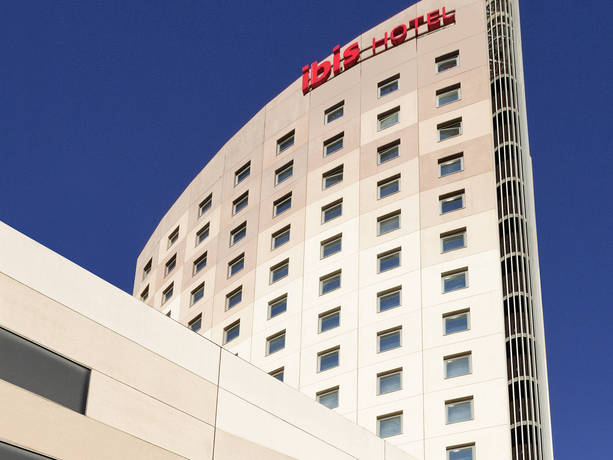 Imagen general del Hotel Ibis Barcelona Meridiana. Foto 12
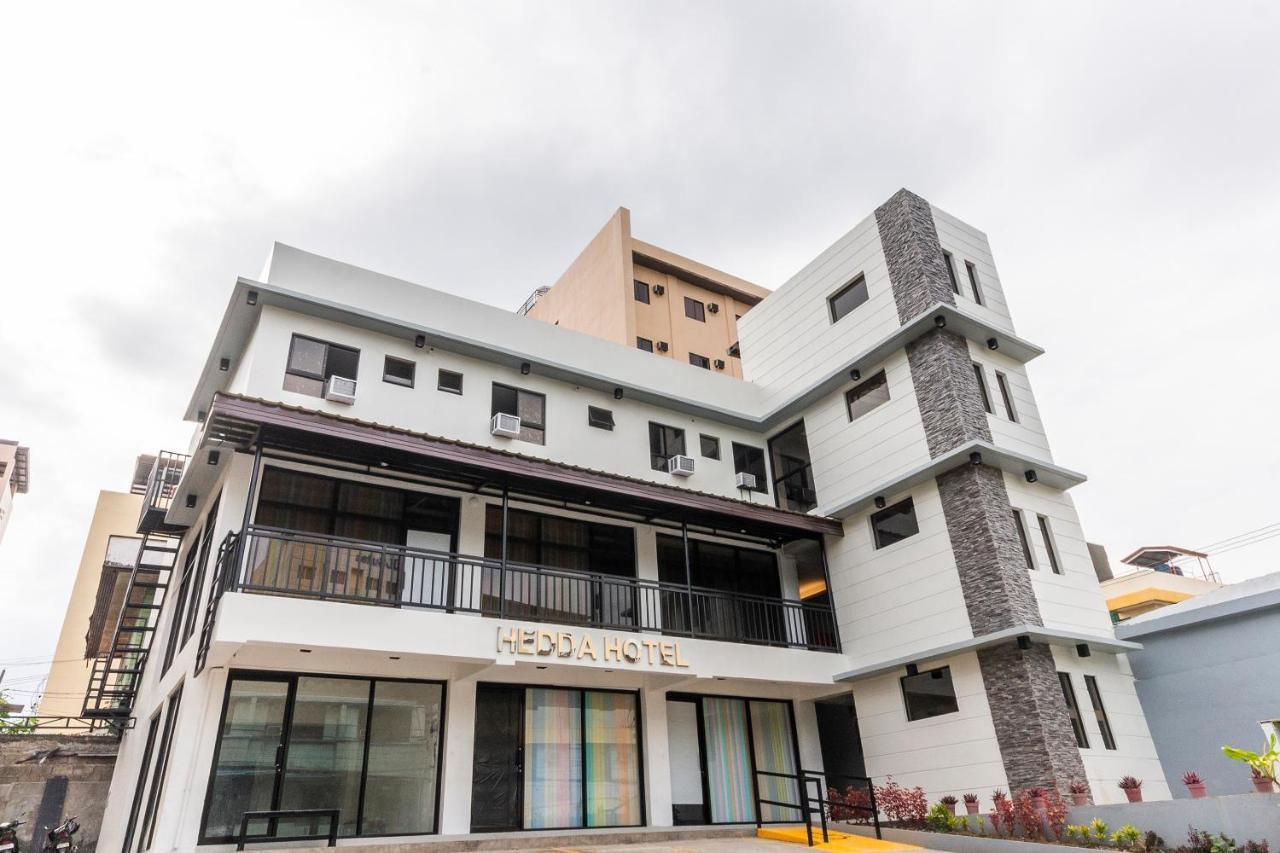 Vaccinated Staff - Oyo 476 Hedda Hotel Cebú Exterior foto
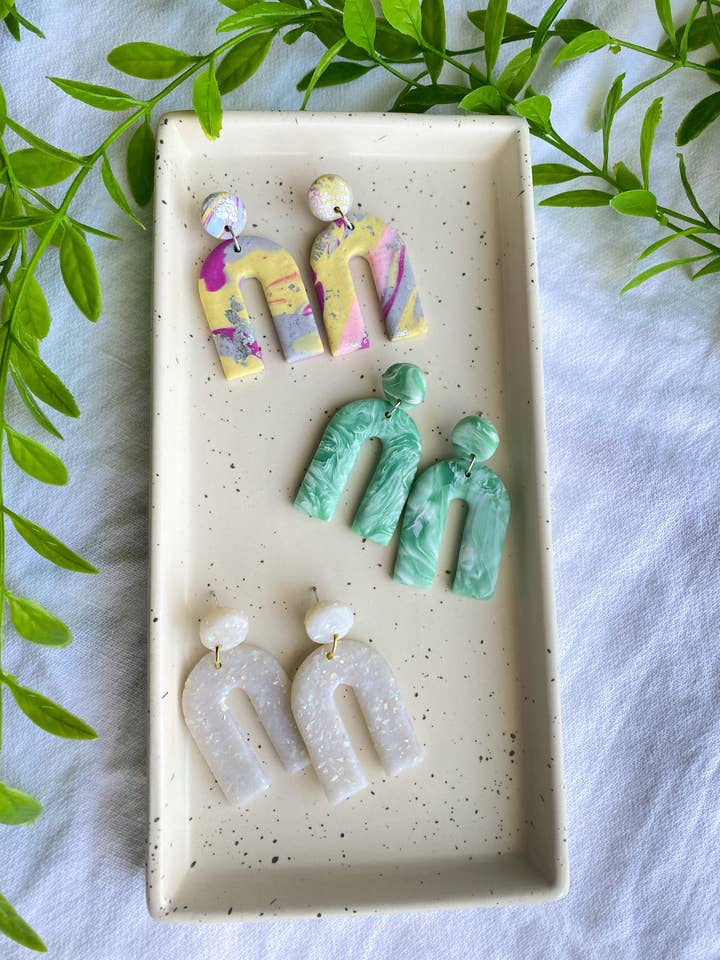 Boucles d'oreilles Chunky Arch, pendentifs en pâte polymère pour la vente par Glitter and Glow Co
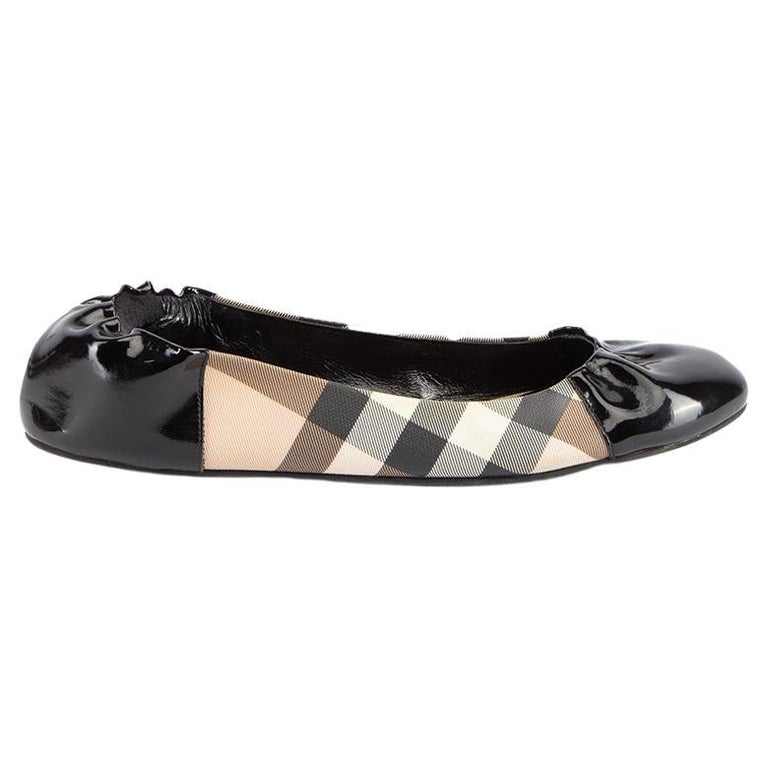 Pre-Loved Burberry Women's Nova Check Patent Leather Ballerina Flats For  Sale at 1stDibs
------------------------------------------------
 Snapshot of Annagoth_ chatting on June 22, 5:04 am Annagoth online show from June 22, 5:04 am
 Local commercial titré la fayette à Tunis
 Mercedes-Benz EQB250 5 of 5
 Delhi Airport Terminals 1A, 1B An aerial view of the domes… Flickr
------------------------------------------------
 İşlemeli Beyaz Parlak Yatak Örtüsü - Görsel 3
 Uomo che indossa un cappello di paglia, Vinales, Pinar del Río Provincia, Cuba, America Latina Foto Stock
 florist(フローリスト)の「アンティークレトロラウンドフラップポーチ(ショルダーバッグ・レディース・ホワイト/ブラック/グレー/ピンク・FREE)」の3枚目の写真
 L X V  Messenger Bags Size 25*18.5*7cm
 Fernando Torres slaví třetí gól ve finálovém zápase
------------------------------------------------
Starting at the line above that holds "florist(フローリスト" and ending at the line that holds "Fernando Torres slaví", transcribe each line exactly and include no other lines.

 florist(フローリスト)の「アンティークレトロラウンドフラップポーチ(ショルダーバッグ・レディース・ホワイト/ブラック/グレー/ピンク・FREE)」の3枚目の写真
 L X V  Messenger Bags Size 25*18.5*7cm
 Fernando Torres slaví třetí gól ve finálovém zápase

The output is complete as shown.